Requirement – Among the entries below, copy only the span from the line containing "Android APP Control" through the line containing "Cowhide Breathable Loafers". Do so exactly, and skip the pictures.

Brief descriptive captions
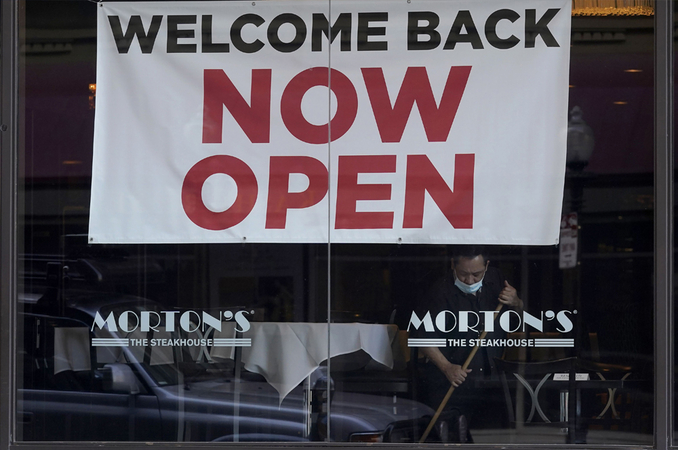 U.S. economy added 916,000 jobs in March, as women reenter workforce and recovery gains steam U.S. economy added 916,000 jobs in March, as women reenter workforce and recovery gains steam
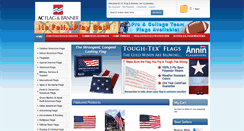 Desktop Screenshot of acflagandbanner.com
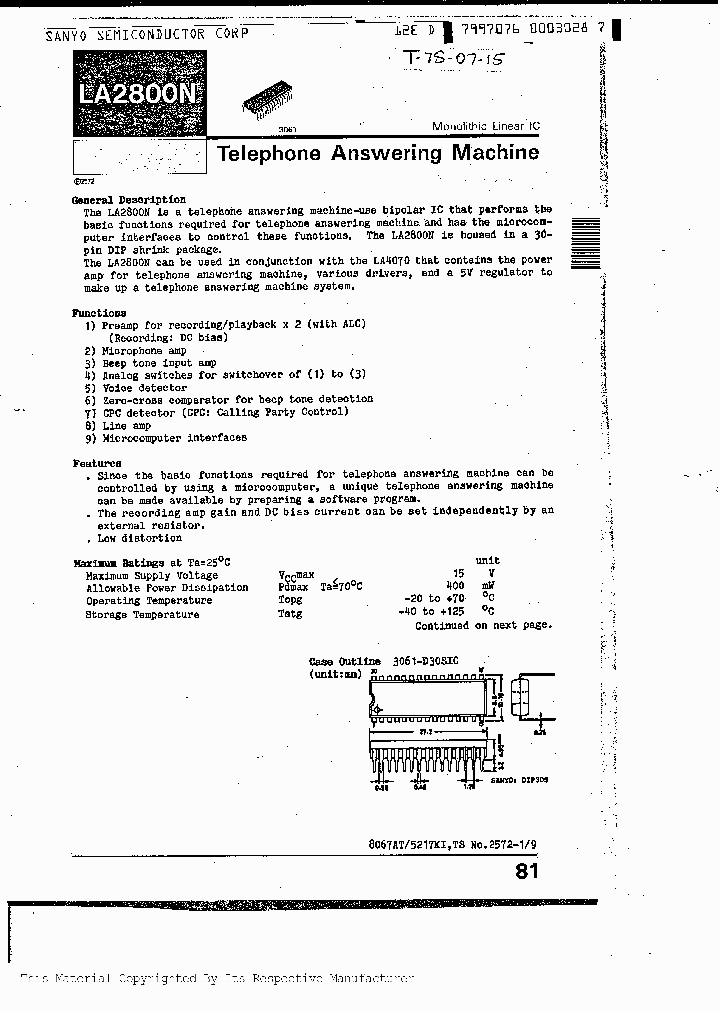 LA2800N_1262705.PDF Datasheet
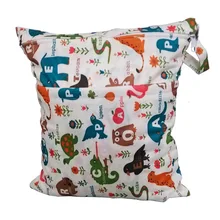 Washable Reusable Cloth Nappy Wet Bag / Waterproof Swim Sport Travel Carry bag / Big Size:36X28cm Diaper Bag Baby Wet Nappy Bag Washable Reusable Cloth Nappy Wet Bag / Waterproof Swim Sport Travel Carry bag / Big Size:36X28cm Diaper Bag Baby Wet Nappy Bag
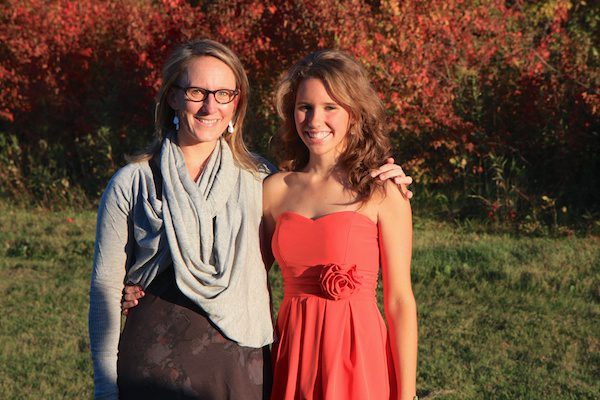 Sherry and Megan - excited to be going to Peru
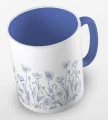 kolorowy kubek blue and white poppies - niebieski.jpg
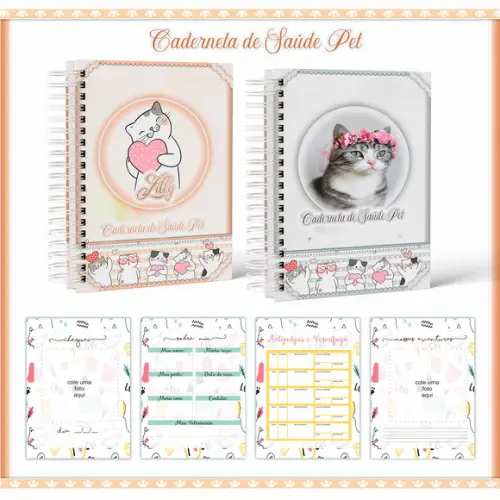 Arquivo Digital - Caderneta de Vacina Felinos
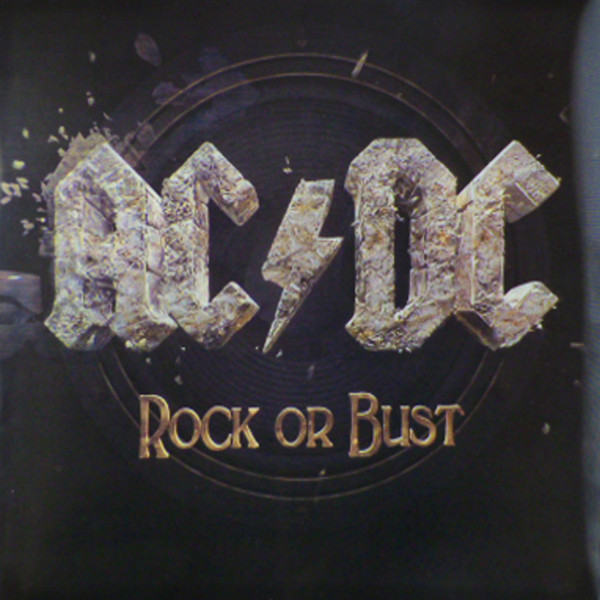 AC/DC - Rock Or Bust vinyl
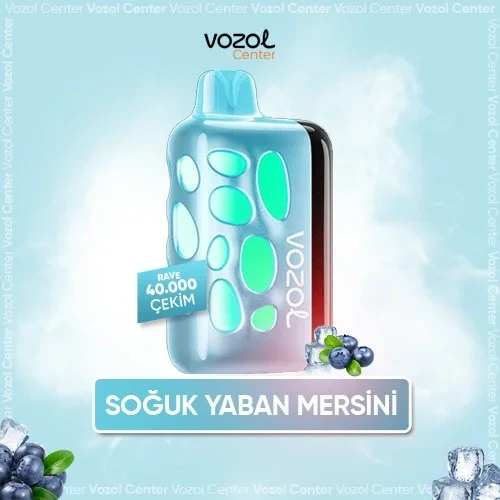 Bluerazz Ice Rave 40K Fiyatları Vozol Center | 40K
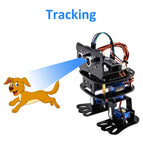 LAFVIN  DIY 4-DOF Panda Robot Kit Programmable Dancing Robot Kit For Arduino Nano Electronic Toy/Support Android APP Control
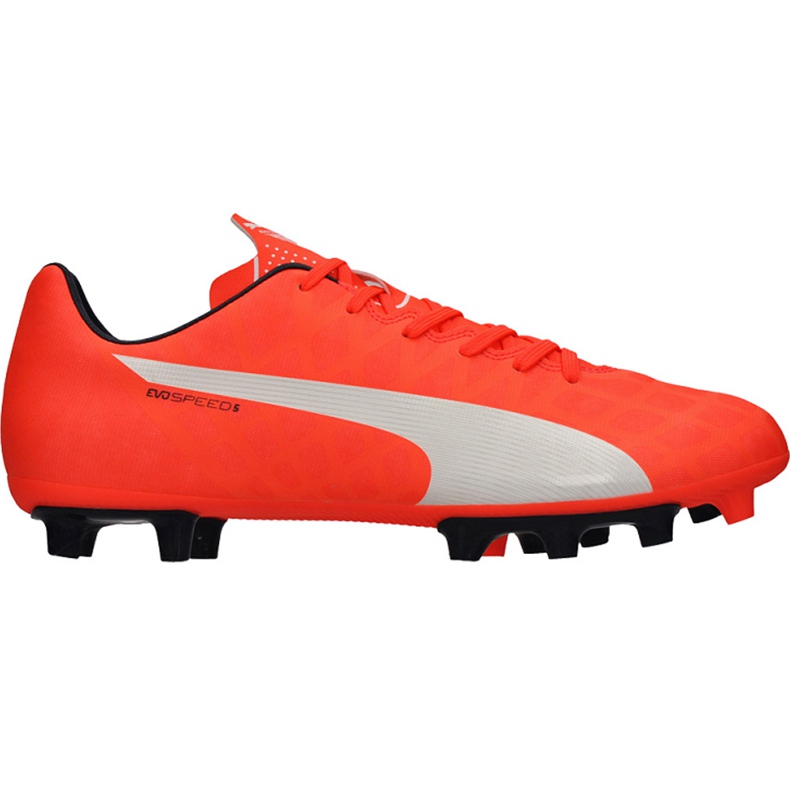 Botas de fútbol Puma Evo Speed ​​5.4 Fg 103286 01 multicolor rojo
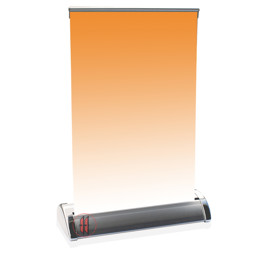 Zeige Details für Bannerständer Mini Roll-Up Bild von Bannerständer Mini Roll-Up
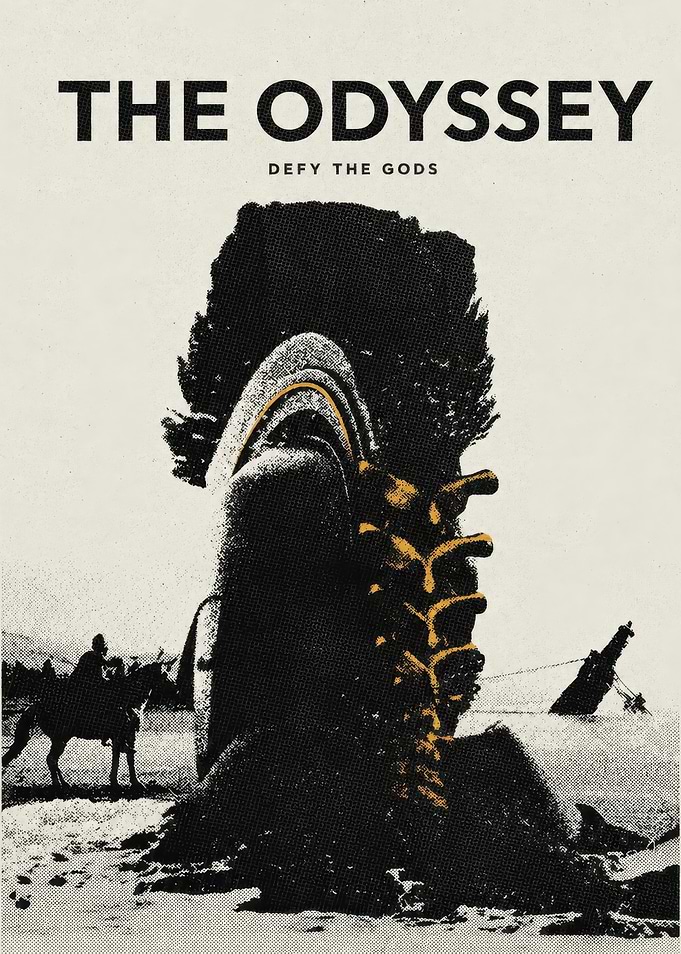 The Odyssey Defy the Gods Poster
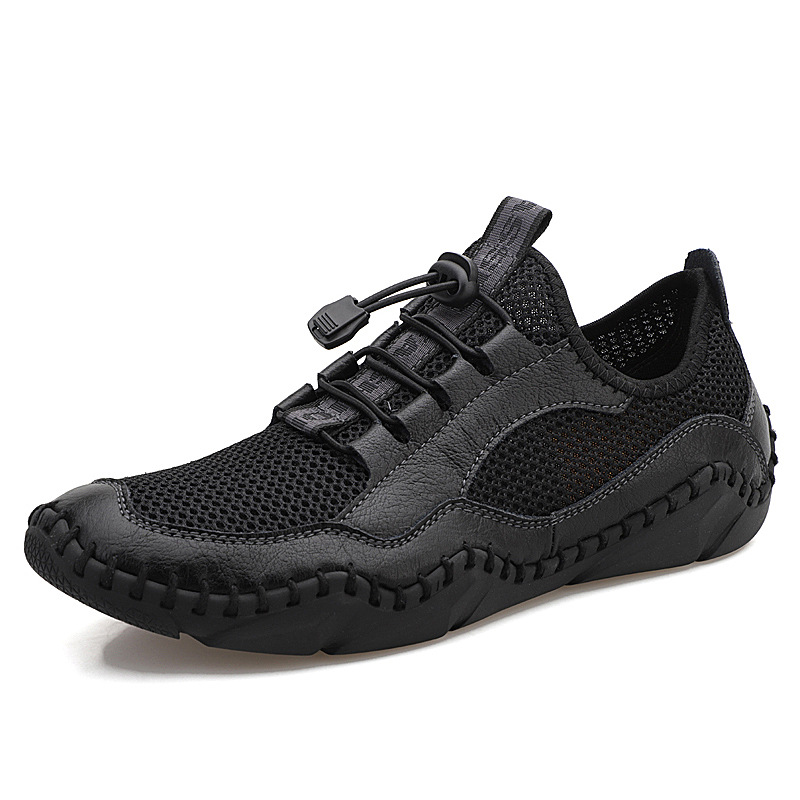 ⏰Promotion - 50% OFF🔥Men's - Italian Cowhide Breathable Loafers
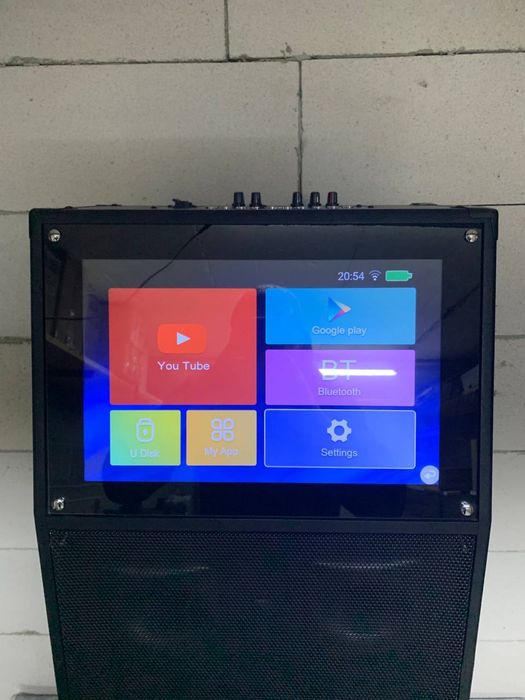 Караоке-система Auna KTV Karaoke System 15.4 дюйма (10034612)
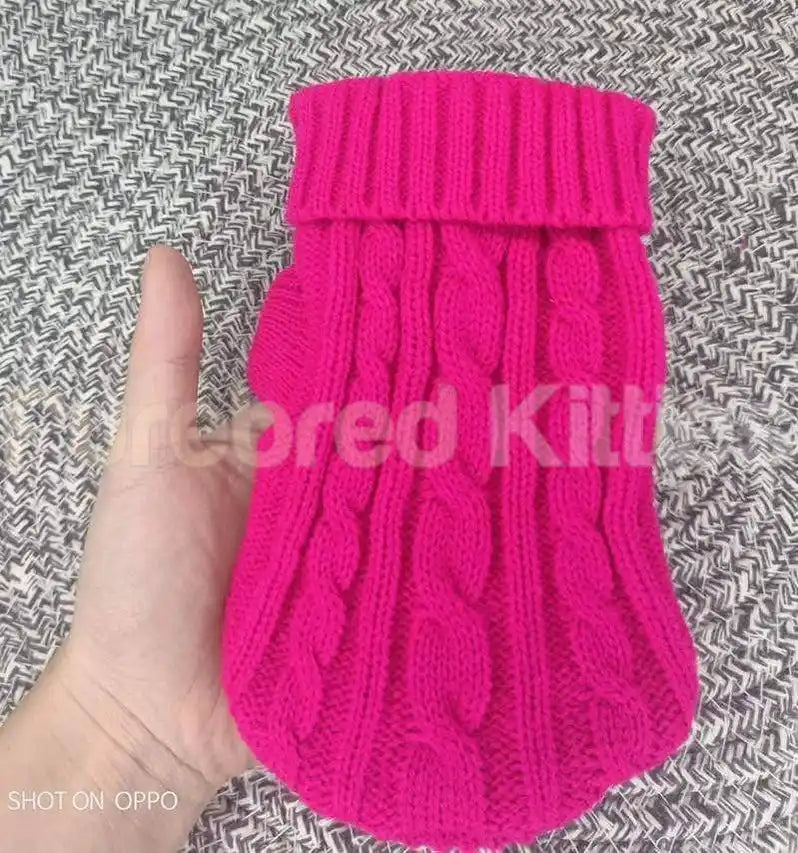 Cozy Winter Sweater In 9 Colors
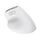 Maus vertikal Trust Bayo+, pa tela, Bluetooth RF 2.4GHz, i bardhë
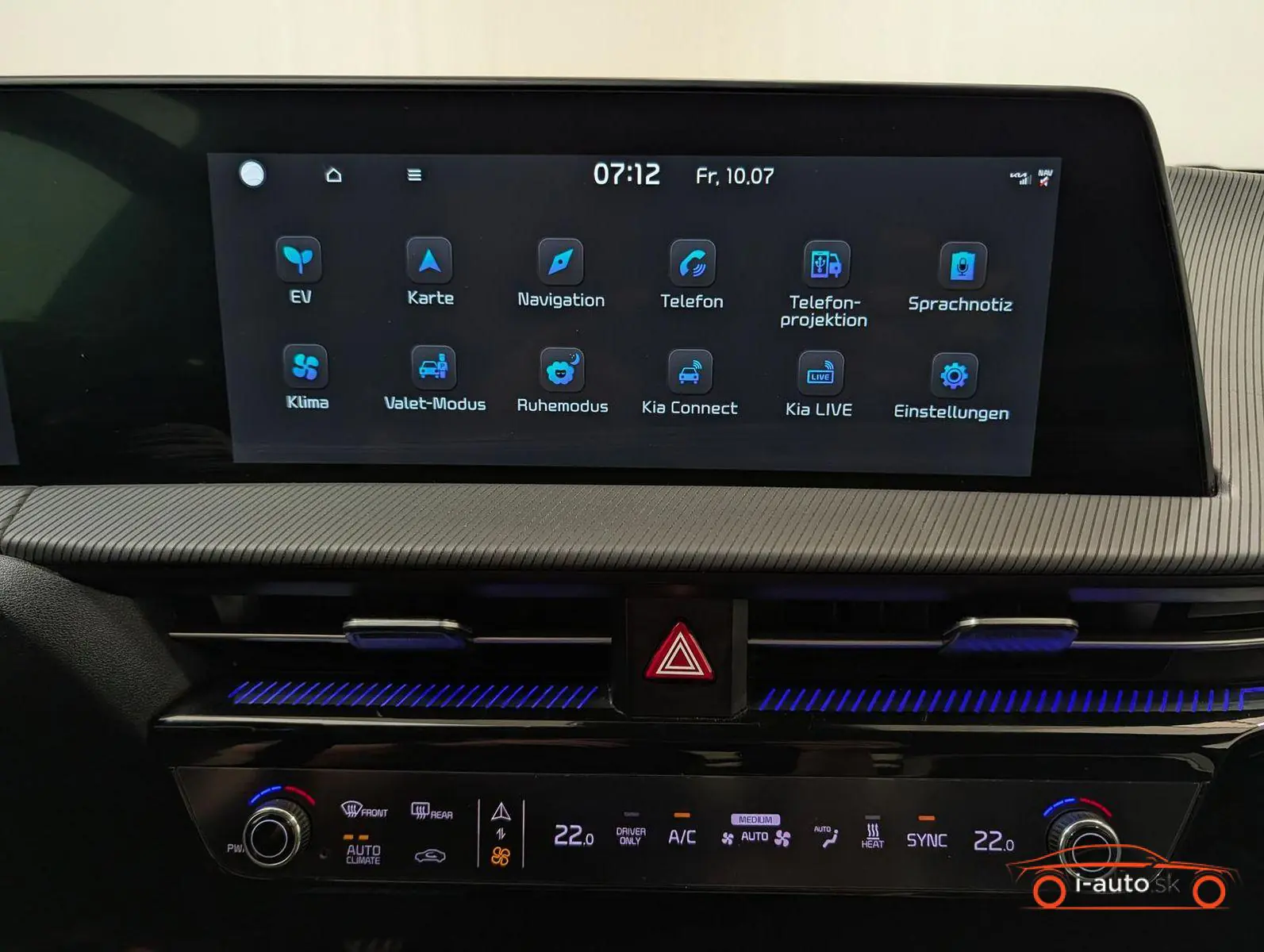 Kia EV6 2022 na predaj – fotografia 17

Solved problem –
 LAFVIN  DIY 4-DOF Panda Robot Kit Programmable Dancing Robot Kit For Arduino Nano Electronic Toy/Support Android APP Control
 Botas de fútbol Puma Evo Speed ​​5.4 Fg 103286 01 multicolor rojo
 Zeige Details für Bannerständer Mini Roll-Up Bild von Bannerständer Mini Roll-Up
 The Odyssey Defy the Gods Poster
 ⏰Promotion - 50% OFF🔥Men's - Italian Cowhide Breathable Loafers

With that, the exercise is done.